Carlos Pires disse...

Caro anónimo:

Relativamente aos políticos, é verdade que muitos recorrem a frases propositadamente vagas para não se comprometerem com nenhuma ideia em concreto e tentarem agradar a gregos e a troianos.

Relativamente à complexidade daquilo que os professores dizem nas aulas, é verdade que por vezes (muitas vezes, infelizmente) se trata de afirmações desnecessariamente obscuras e que que revelam a impreparação científica e pedagógica dos professores. Mas também sucede que essa complexidade derive da dificuldade dos próprios assuntos.

cumprimentos

Carlos Pires disse...

Rolando:

A edição é portuguesa. Há uma edição brasileira: "Guia ilustrado Zahar de filosofia".

O preço é de facto excessivo. Julgo que se deve às ilustrações - também excessivas, quer na quantidade quer no tamanho.
Não comparei com o original, mas o português um bocado frouxo leva-me a desconfiar da qualidade da tradução. E o que terá escrito o Law para que traduzam por "conhecimento-capacidade"?

Seja como for, a obra é interessante e útil. Vou pedir para a comprarem para a Biblioteca da minha escola.

cumprimentos

Rolando Almeida disse...

Pois, entretanto percebi tratar-se de uma edição nacional, mas só esse conceito que citas é arrepiante. Não tenho o original e vou comprar esse. Aprecio muito o trabalho do Law, principalmente os livrinhos Philosophy Files.
abraço e obrigado

Aires Almeida disse...

Carlos,

Essa do "conhecimento-capacidade" ilustra bem a ignorância filosófica de quem traduz o livro, o que é muito comum entre nós. Se um tradutor português recebe um livro de medicina ou de biologia para traduzir, é capaz de ter um certo cuidado e consultar algum especialista experiente na matéria, e faz bem. Mas quando se trata de filosofia, isso parece tornar-se dispensável e qualquer coisa serve. É esta a ideia que muitas pessoas têm da filosofia e é, em parte, por isso que a qualidade média das traduções de filosofia em Portugal deixa tanto a desejar. A ponto de não se saber bem o que o autor escreveu e de tornar obscuro o que, no original, é bem claro.

Não tenho o livro do Law, mas penso que, no caso que referes, ele deve estar a falar dos tipos de conhecimento: proposicional, de capacidades e por contacto.

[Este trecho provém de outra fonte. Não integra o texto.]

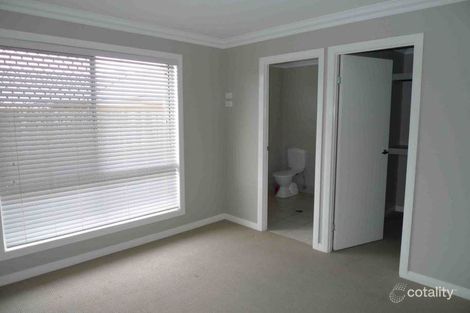 Property photo of 2/18 Sambar Court Kearneys Spring QLD 4350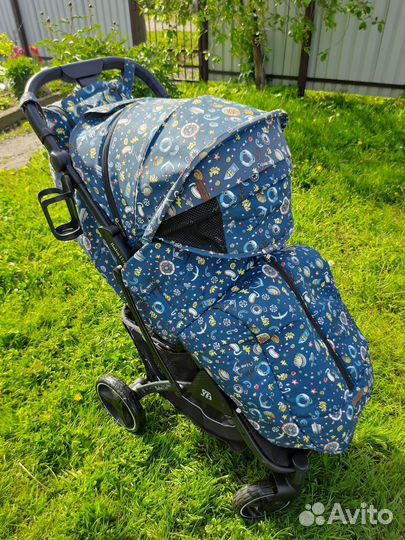 Прогулочная коляска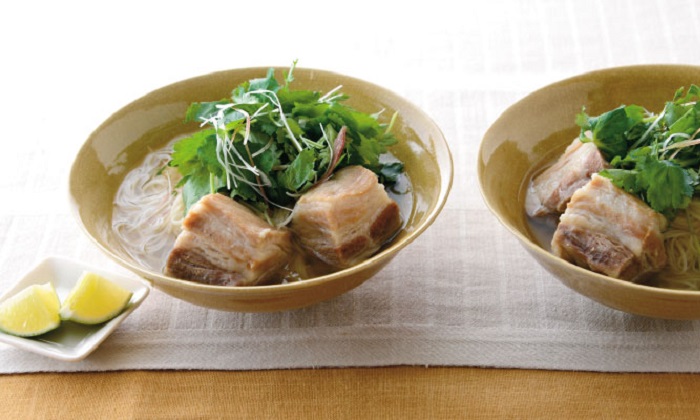 かぼすを入れてサッパリ「塩豚スープの香り菜麺」レシピ
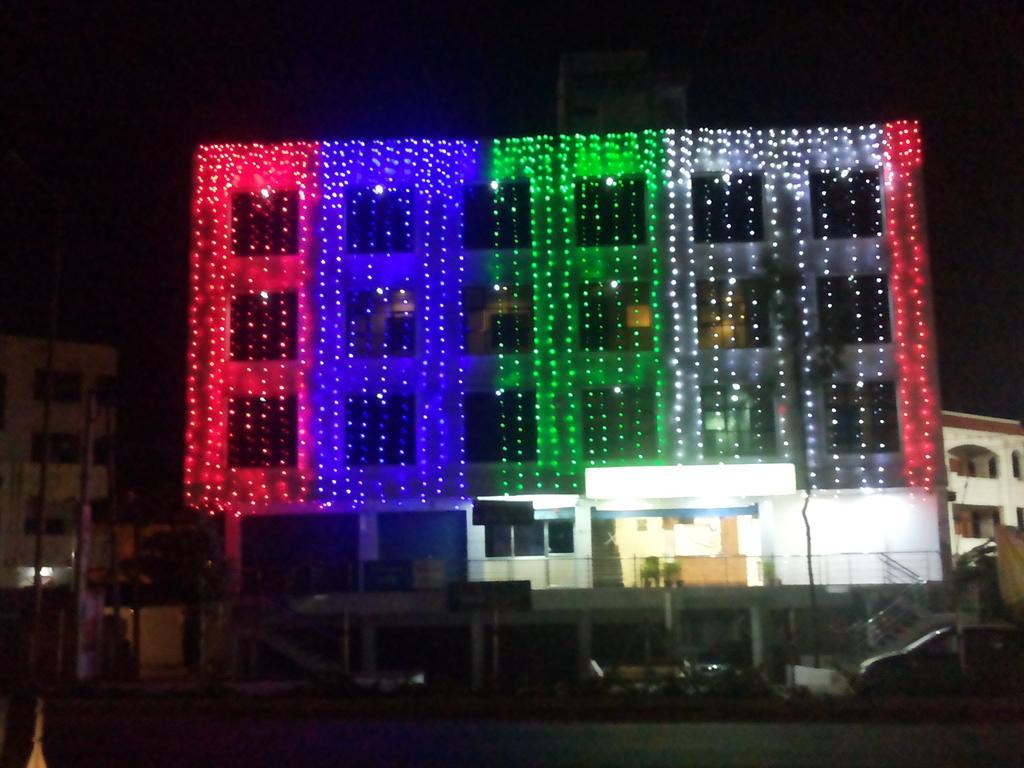 Hotel Neem Tree Hyderabad Airport Shamshabad Exteriör bild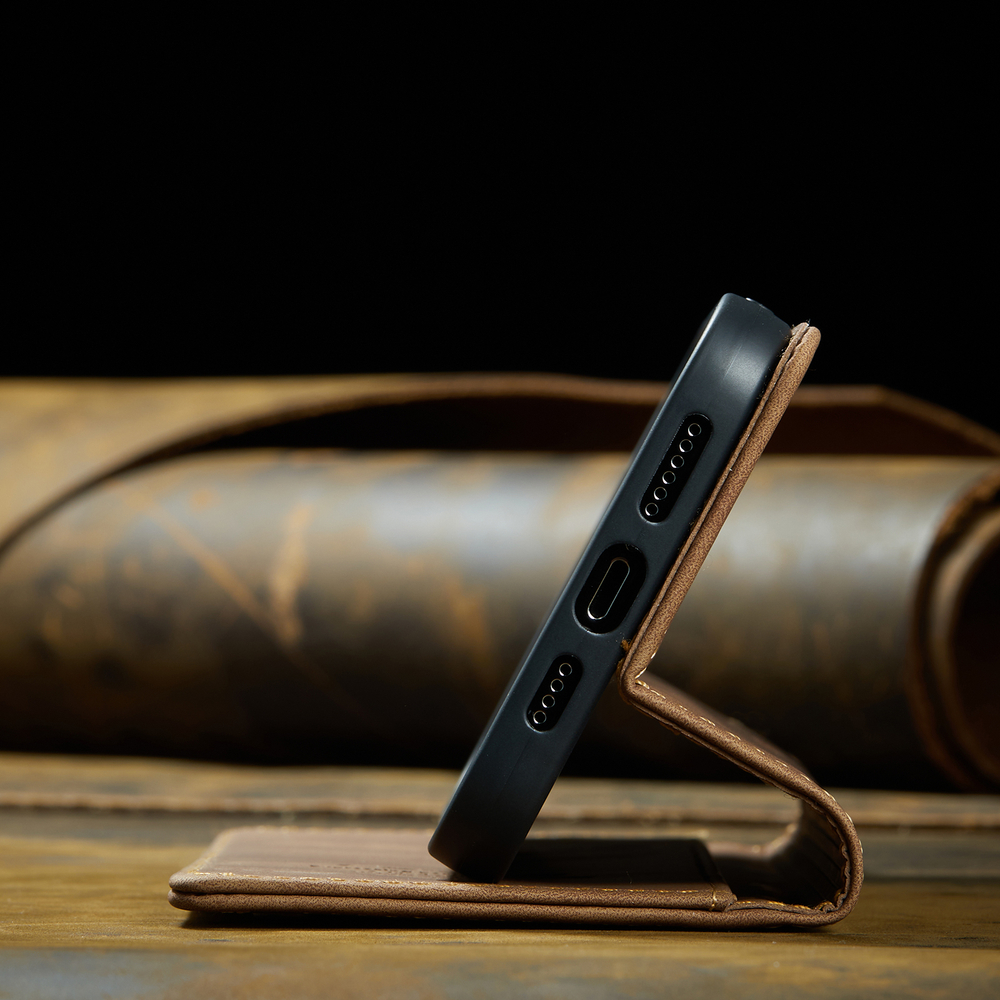 Чехол-книжка CaseMe Matte iPhone 17 Pro Max
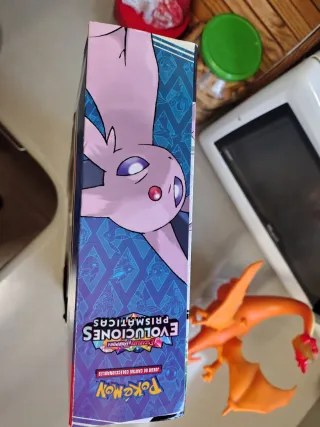 Colec Pokémon Premium Evol Prismáticas en Español.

Talvez utilize a expressão "skill knowledge" ou coisa parecida para se referir ao conhecimento no sentido de saber-como (saber como se faz uma pizza, saber andar de bicicleta, etc.).

O que achas?

Um abraço

Carlos Pires disse...

Aires:

O contexto é a distinção entre esses 3 tipos de conhecimento e é certamente algo desse género.
Só li algumas partes, mas nota-se rapidamente que não houve revisão filosófica. Por exemplo: que eu saiba diz-se sempre "falso dilema" e não "dilema falso".
Outro defeito da edição, mas que suponho ser comum a este género de guias, é a letra ser demasiado pequena - o que é uma consequência da profusão de imagens. Dificulta a leitura.

P.S. Não há nenhum livro do Stephen Law na Filosofia Aberta...

abraço

João disse...

Tenho esse livro. Acho optimo.

Não estarão a ser um pouco mauzinhos nas críticas?